• **What this task involves**:
Straight copy, no pictures: transcribe each entry as it stands.

........

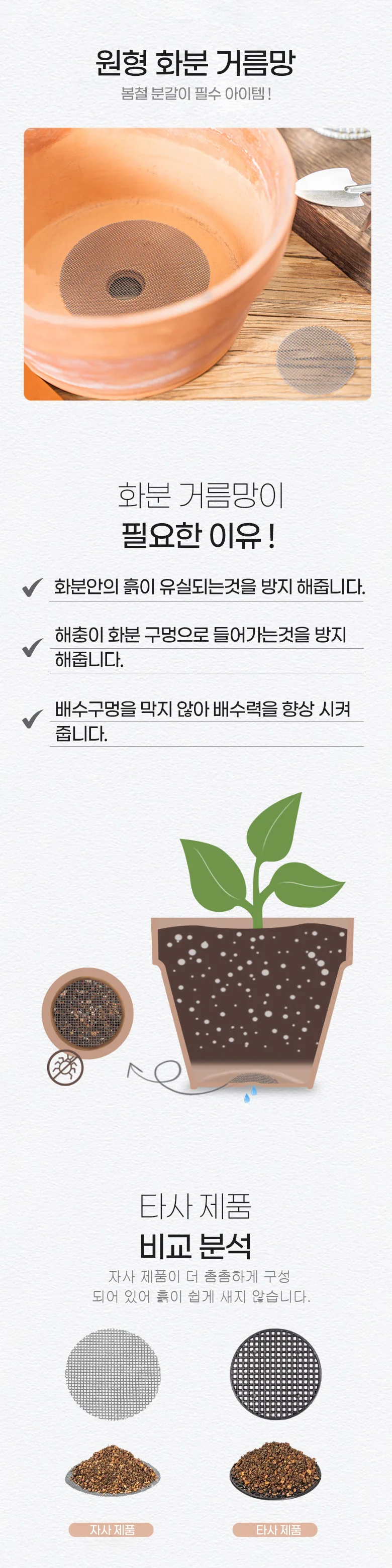 화분 배수망 부드러운 깔망 원형 거름망 50개입 5cm 상세2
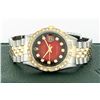 Image 9 : Rolex Men's Two Tone Red Vignette Pyramid Diamond Datejust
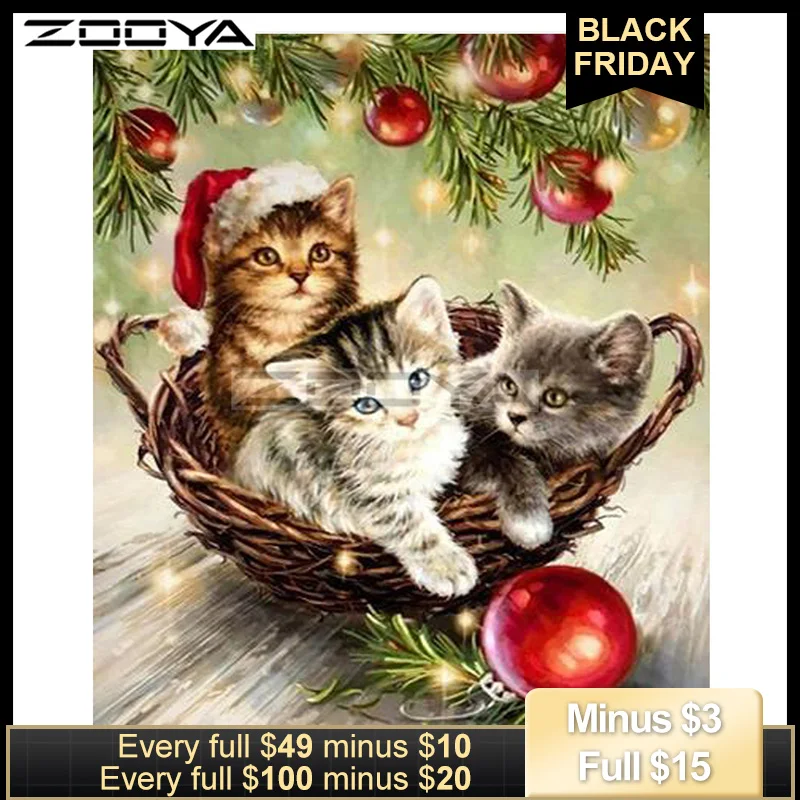 ZOOYA 5D DIY Рождественская Алмазная вышивка кошка животные Алмазная картина вышивка крестиком квадратные Стразы Мозаика Украшение BK1354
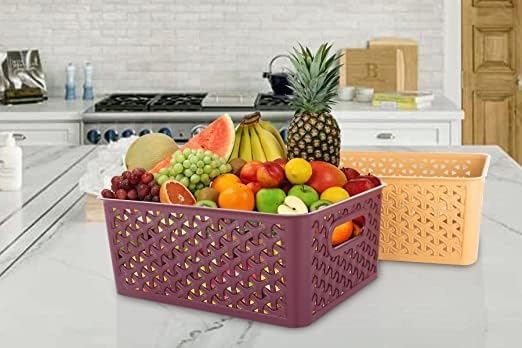 Solitaire Woven Plastic Storage Basket with Lid, Stackable Organizer Box, 24.5 X 19 X 10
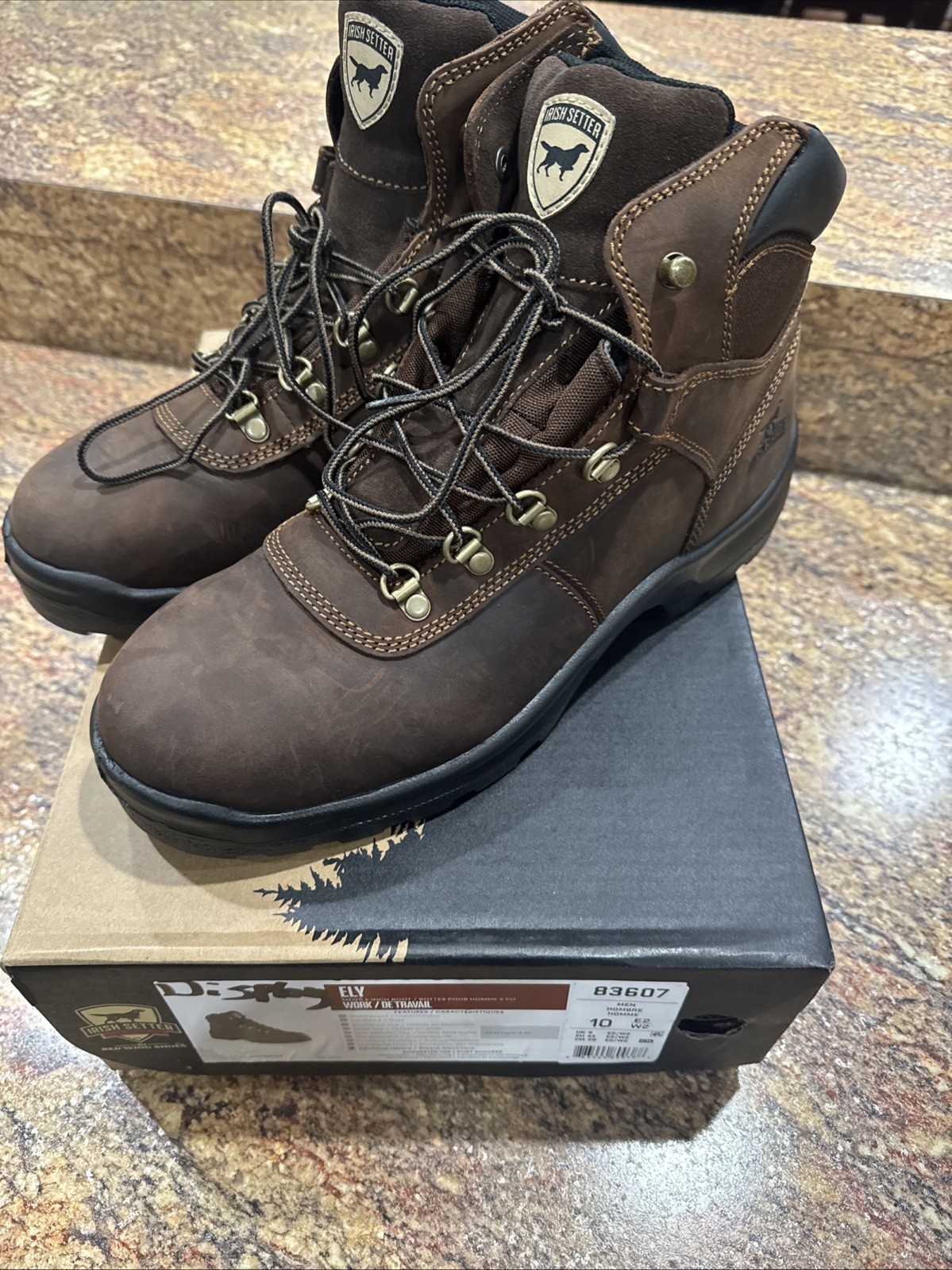 Irish Setter Ely 83607 Electrical Hazard Work Boots Brown  10 Wide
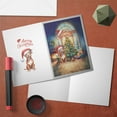 thumbnail image 3 of Merry Christmas Pitbull Santa Hat Xmas Tree Winter Holiday 5x7in Folded Greeting Card Terrier Dog Lover Single Note Card with Envelope - 01013, 3 of 5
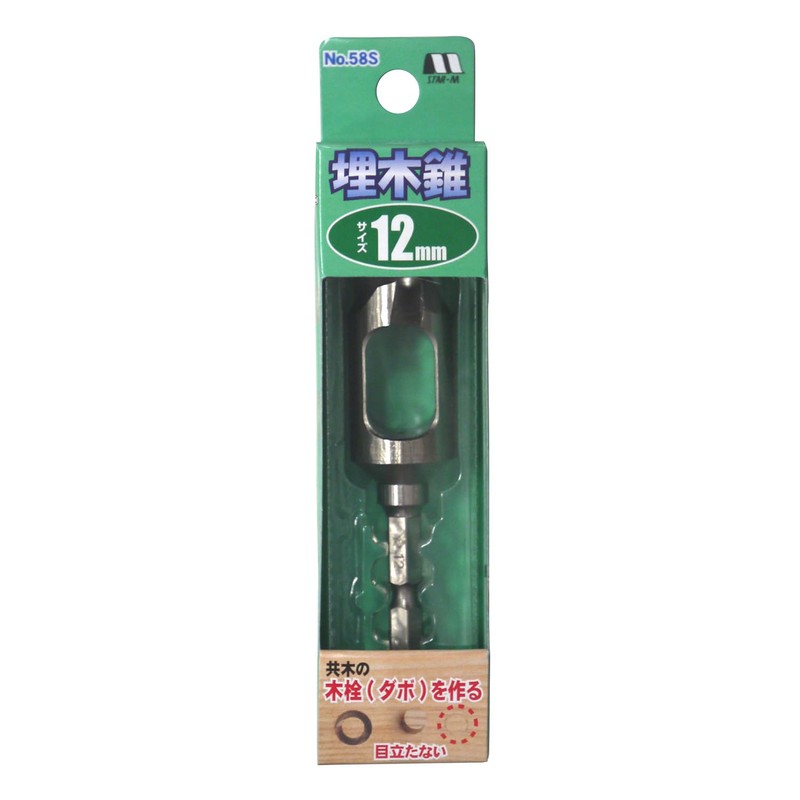 Star-M Hex Shank Drill, Countersink for Embedding Wood, 12mm, 58S-120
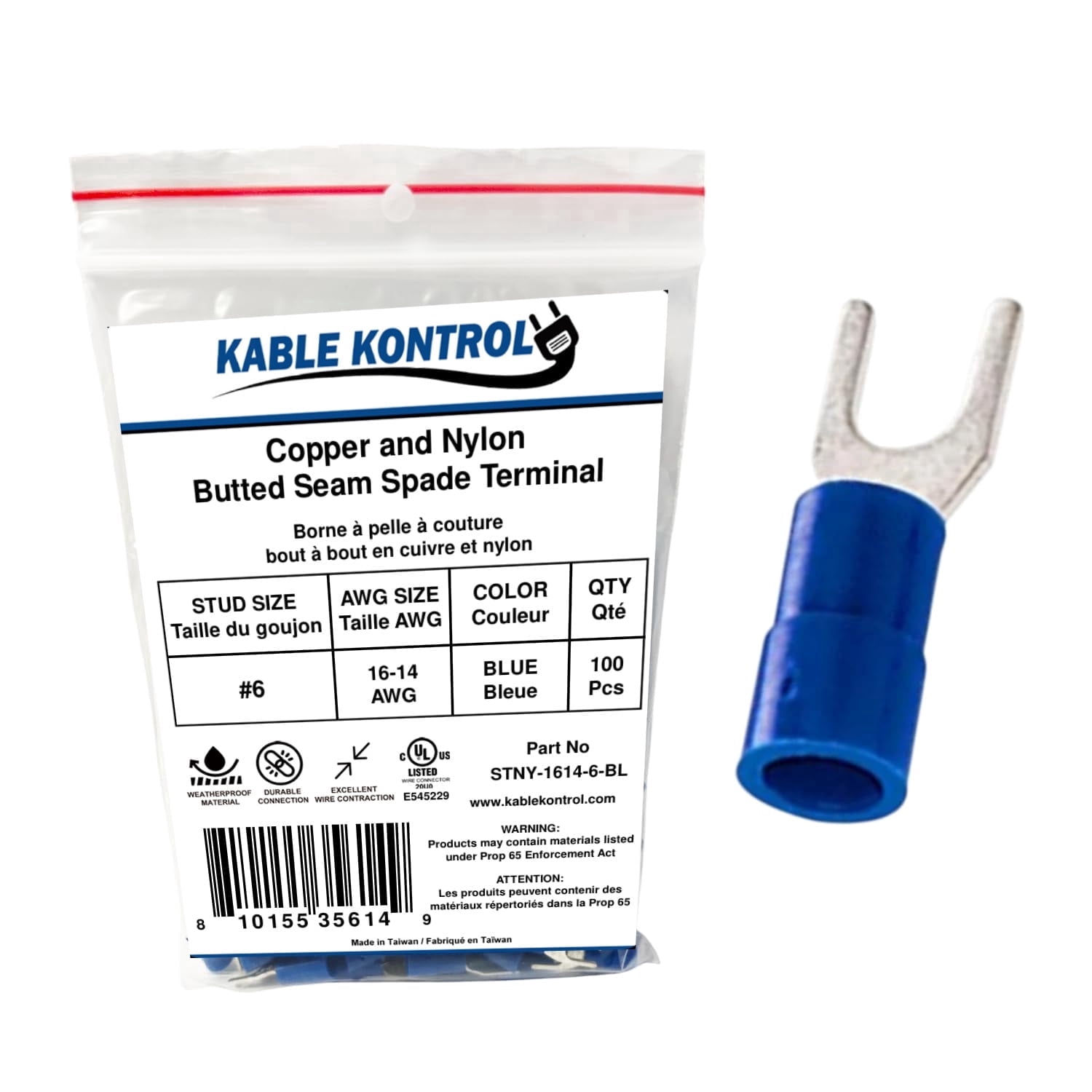 Spade Connector - Electrical Wire Terminal - Male - Nylon Insulated - 16-14 AWG - Stud Size # 6 - Blue - 100 Pcs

........

• **Problem solution**:
 화분 배수망 부드러운 깔망 원형 거름망 50개입 5cm 상세2
 Image 9 : Rolex Men's Two Tone Red Vignette Pyramid Diamond Datejust
 ZOOYA 5D DIY Рождественская Алмазная вышивка кошка животные Алмазная картина вышивка крестиком квадратные Стразы Мозаика Украшение BK1354
 Solitaire Woven Plastic Storage Basket with Lid, Stackable Organizer Box, 24.5 X 19 X 10
 Irish Setter Ely 83607 Electrical Hazard Work Boots Brown  10 Wide
 thumbnail image 3 of Merry Christmas Pitbull Santa Hat Xmas Tree Winter Holiday 5x7in Folded Greeting Card Terrier Dog Lover Single Note Card with Envelope - 01013, 3 of 5
 Star-M Hex Shank Drill, Countersink for Embedding Wood, 12mm, 58S-120
 Spade Connector - Electrical Wire Terminal - Male - Nylon Insulated - 16-14 AWG - Stud Size # 6 - Blue - 100 Pcs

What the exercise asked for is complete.